None of these solutions will make your vegetable garden aesthetically pleasing, but it will be temporary, and the rewards will be well worth it when you will be harvesting weeks before your neighbors. And let me say, that yes, plastic is non-biodegradable, and a curse to the environment.

I am well aware of that, before someone writes in to remind me of that fact. I had one such letter this week from a reader asking me why I had advocated the use of polystyrene in the soil for aerating pot plants, and did I not know what a curse it was to the environment too. Yes, it is, but like plastic, it has its uses and by using plastic in this way we are recycling its original use.

Spring Gardening Tips for Polytunnels

When you drape your plastic over hoops, effectively you are building a polytunnel. These are much cheaper than a full-scale greenhouse, and easy to put together for your solar gardening.
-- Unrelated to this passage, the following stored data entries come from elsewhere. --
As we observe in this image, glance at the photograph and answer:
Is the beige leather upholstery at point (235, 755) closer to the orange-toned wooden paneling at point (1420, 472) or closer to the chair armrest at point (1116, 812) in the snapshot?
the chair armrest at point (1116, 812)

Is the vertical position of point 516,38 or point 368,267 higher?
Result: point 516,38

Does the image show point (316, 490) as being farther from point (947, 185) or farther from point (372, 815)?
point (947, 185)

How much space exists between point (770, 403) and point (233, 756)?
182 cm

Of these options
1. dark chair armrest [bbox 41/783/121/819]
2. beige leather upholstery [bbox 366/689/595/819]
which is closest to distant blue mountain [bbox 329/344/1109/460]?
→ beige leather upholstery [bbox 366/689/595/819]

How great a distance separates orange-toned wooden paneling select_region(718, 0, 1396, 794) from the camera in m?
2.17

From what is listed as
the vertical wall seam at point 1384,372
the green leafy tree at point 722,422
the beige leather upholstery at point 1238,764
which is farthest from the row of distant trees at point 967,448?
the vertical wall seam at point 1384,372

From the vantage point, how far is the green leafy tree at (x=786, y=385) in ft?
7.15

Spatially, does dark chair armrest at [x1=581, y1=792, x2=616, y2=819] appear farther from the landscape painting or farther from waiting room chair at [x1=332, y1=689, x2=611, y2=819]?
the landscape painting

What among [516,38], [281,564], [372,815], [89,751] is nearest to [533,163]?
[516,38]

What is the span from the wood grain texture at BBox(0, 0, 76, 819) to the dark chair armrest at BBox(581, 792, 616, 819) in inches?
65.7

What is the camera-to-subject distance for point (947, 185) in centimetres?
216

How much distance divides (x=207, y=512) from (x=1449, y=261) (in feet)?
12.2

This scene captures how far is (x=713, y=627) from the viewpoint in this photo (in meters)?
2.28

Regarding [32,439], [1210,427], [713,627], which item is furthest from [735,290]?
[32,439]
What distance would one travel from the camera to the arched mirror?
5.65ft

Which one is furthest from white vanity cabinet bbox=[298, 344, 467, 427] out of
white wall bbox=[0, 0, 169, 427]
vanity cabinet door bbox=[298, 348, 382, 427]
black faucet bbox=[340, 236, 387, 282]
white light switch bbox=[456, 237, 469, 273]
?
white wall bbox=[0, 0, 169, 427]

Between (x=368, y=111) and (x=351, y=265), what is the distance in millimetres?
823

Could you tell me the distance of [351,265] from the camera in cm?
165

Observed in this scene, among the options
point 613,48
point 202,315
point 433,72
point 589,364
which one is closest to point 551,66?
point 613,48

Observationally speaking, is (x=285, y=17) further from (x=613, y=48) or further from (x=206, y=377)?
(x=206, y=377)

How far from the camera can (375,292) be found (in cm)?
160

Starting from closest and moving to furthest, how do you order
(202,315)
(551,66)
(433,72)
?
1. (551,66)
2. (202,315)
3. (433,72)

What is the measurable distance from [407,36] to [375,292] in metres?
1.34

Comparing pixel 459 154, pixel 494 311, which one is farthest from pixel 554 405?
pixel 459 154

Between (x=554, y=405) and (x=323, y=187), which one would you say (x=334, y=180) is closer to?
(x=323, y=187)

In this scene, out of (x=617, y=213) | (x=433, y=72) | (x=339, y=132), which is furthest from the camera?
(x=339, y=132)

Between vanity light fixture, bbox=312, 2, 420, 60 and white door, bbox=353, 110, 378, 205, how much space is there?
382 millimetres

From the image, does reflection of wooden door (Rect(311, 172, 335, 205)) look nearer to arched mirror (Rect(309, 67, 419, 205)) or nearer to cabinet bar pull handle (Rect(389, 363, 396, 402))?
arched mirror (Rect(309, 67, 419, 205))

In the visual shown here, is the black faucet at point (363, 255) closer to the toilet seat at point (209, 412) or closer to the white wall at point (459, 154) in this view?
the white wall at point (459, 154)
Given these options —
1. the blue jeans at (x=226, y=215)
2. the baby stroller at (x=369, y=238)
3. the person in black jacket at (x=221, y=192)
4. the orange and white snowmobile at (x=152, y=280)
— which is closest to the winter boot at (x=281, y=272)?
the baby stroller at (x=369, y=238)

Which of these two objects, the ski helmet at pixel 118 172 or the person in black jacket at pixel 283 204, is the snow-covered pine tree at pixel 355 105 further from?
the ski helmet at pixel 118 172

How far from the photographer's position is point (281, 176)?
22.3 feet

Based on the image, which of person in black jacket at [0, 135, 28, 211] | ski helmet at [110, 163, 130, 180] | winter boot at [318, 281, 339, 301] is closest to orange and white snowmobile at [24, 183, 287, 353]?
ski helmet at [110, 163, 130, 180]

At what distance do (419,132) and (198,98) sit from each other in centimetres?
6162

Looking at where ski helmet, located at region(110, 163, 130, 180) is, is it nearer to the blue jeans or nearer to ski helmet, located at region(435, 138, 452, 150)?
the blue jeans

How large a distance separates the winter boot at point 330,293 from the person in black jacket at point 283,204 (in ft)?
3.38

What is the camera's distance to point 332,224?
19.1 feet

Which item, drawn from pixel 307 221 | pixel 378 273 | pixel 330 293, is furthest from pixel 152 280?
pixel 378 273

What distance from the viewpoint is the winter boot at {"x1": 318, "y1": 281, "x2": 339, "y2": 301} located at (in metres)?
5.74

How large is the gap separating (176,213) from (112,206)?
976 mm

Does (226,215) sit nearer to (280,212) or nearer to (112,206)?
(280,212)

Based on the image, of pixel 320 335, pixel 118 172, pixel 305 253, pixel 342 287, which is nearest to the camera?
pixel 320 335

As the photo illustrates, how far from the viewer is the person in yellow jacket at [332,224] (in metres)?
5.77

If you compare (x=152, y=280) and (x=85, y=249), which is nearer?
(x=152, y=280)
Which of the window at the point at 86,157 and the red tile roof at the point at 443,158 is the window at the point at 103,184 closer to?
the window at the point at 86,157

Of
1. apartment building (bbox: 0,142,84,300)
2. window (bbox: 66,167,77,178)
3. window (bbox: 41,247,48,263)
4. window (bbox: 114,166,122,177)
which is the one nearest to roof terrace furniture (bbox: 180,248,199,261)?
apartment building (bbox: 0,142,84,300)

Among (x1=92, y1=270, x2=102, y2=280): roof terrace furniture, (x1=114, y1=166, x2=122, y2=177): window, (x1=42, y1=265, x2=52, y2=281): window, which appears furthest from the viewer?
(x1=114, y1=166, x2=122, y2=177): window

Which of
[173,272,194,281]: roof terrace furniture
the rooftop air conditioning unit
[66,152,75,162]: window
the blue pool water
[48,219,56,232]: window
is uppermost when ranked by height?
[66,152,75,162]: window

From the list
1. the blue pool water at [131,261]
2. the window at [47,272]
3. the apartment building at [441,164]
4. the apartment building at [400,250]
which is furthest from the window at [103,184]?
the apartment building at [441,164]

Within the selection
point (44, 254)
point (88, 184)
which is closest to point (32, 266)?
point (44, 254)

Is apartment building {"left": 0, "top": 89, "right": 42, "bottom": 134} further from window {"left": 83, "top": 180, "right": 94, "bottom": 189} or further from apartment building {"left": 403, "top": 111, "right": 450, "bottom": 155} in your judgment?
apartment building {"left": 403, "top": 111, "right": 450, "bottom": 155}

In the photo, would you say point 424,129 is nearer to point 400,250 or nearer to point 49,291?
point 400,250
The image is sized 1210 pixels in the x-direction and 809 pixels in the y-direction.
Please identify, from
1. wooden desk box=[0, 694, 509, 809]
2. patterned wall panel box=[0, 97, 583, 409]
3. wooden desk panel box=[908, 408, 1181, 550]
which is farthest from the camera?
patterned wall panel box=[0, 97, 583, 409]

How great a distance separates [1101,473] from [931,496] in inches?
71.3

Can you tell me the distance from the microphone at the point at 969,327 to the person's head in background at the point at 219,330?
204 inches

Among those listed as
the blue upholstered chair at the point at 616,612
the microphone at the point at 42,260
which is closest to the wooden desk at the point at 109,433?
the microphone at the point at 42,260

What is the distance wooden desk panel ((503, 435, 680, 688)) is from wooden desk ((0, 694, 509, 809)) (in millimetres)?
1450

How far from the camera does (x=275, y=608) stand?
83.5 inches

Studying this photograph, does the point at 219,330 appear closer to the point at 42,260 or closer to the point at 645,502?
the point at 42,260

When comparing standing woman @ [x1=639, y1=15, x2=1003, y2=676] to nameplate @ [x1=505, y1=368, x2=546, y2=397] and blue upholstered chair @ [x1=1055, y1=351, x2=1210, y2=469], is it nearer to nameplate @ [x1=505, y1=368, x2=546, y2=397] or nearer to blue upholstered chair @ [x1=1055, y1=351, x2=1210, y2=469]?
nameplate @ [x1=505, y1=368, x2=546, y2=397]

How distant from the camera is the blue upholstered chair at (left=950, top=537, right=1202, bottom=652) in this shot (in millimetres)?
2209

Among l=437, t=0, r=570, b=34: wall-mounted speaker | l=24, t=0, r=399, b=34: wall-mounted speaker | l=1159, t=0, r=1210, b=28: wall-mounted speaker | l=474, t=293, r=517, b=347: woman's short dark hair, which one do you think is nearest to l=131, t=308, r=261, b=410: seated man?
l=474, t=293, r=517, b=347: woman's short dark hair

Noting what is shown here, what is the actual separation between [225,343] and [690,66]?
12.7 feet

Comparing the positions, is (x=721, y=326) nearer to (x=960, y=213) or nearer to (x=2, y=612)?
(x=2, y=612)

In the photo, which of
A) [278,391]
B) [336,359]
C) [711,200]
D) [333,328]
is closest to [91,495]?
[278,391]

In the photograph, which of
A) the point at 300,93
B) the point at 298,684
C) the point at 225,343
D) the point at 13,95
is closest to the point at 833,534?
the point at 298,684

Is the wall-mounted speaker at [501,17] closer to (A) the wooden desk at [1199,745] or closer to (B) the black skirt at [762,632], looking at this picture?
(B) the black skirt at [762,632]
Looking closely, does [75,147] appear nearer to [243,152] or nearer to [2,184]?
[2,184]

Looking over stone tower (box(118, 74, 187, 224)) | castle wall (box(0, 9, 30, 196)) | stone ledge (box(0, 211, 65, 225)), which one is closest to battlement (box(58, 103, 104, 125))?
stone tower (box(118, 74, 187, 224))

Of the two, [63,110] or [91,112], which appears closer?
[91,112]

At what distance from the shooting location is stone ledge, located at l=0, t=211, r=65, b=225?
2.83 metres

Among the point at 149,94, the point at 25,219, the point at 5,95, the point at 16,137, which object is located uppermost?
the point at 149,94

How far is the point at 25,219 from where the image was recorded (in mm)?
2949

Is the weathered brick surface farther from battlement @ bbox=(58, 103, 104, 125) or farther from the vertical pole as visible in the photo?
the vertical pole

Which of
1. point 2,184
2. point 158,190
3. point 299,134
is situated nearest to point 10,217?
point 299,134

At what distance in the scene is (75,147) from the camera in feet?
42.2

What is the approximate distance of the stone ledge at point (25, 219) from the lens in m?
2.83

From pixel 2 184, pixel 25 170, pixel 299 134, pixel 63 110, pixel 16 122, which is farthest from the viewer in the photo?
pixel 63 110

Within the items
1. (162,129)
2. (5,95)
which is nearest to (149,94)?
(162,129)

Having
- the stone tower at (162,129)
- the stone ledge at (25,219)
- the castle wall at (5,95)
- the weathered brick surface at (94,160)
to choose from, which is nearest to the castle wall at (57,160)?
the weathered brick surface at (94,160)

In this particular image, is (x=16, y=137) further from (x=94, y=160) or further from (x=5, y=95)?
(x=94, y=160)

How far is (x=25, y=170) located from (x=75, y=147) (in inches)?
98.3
So how do you build a polytunnel? Insert 10 gage steel rods, about as thick as a drinking straw along the edge of where you want to protect. The rods are then bent over the bed and forced into the ground. This forms a series of hoops about 14 inches high at their centers.

Cover the hoops with clear polyethylene sheeting, thinner than the standard 4 mil sheeting as it is too heavy and will sag between the hoops. You now have an oversized plastic caterpillar structure in your vegetable patch. However, you really have to be vigilant with polytunnels once the sun hits the tunnel.

Make sure that you have cut vent holes in your plastic sheeting to ensure that you don’t cook your crops.  Or, if you buy the 1.5 mil slit polytunnel plastic that is specifically sold for tunnels, then you won’t have to bother. You can also get complete kits now that come with plastic, wire rods, black plastic weed mulch and instructions on how to put it all together.

Spring Gardening Tips using Cold and Hot Frames


a diagram showing dimensions for the construction of a hot frame

A hotbed or hot frame showing dimensions and plans for construction

Of course you could also raise your seedlings in cold frames. These are just large boxes with a hinged glass lid. They work well during the day, and can also be propped open to allow the heat to escape during the day. However, the downside to cold frames is that they lose their heat overnight.

Hot frames can solve this problem by including a heat source. Manure is usually used for this purpose. It is dug in several feet below the frame.

As the manure ferments it produces a gentle bottom heat that is ideal for early spring seed germination and developing seedlings. However, if you live in urban areas you may not be able to do this due to zoning laws or problems with neighbors who may object to having a load of the smelly stuff delivered next door.

If you are going to build a hot or cold frame make sure that they have a southern exposure if you live in the northern hemisphere, and preferably should be located in a sheltered area where drainage is good.

Whatever method you use, you will be sure that your plants will benefit from the protection and as long as you make sure that they don’t cook and overheat in their protective surroundings.

The 5 Worst Things about Spring Gardening

spring field flowers and a butterfly
1) Slug invasions

2) Packed Garden Centers

3) Late Frosts

4) Back-Breaking Work for a few Months

5) Realizing in the early summer that you have forgotten to sow or set particular plants and now it's too late!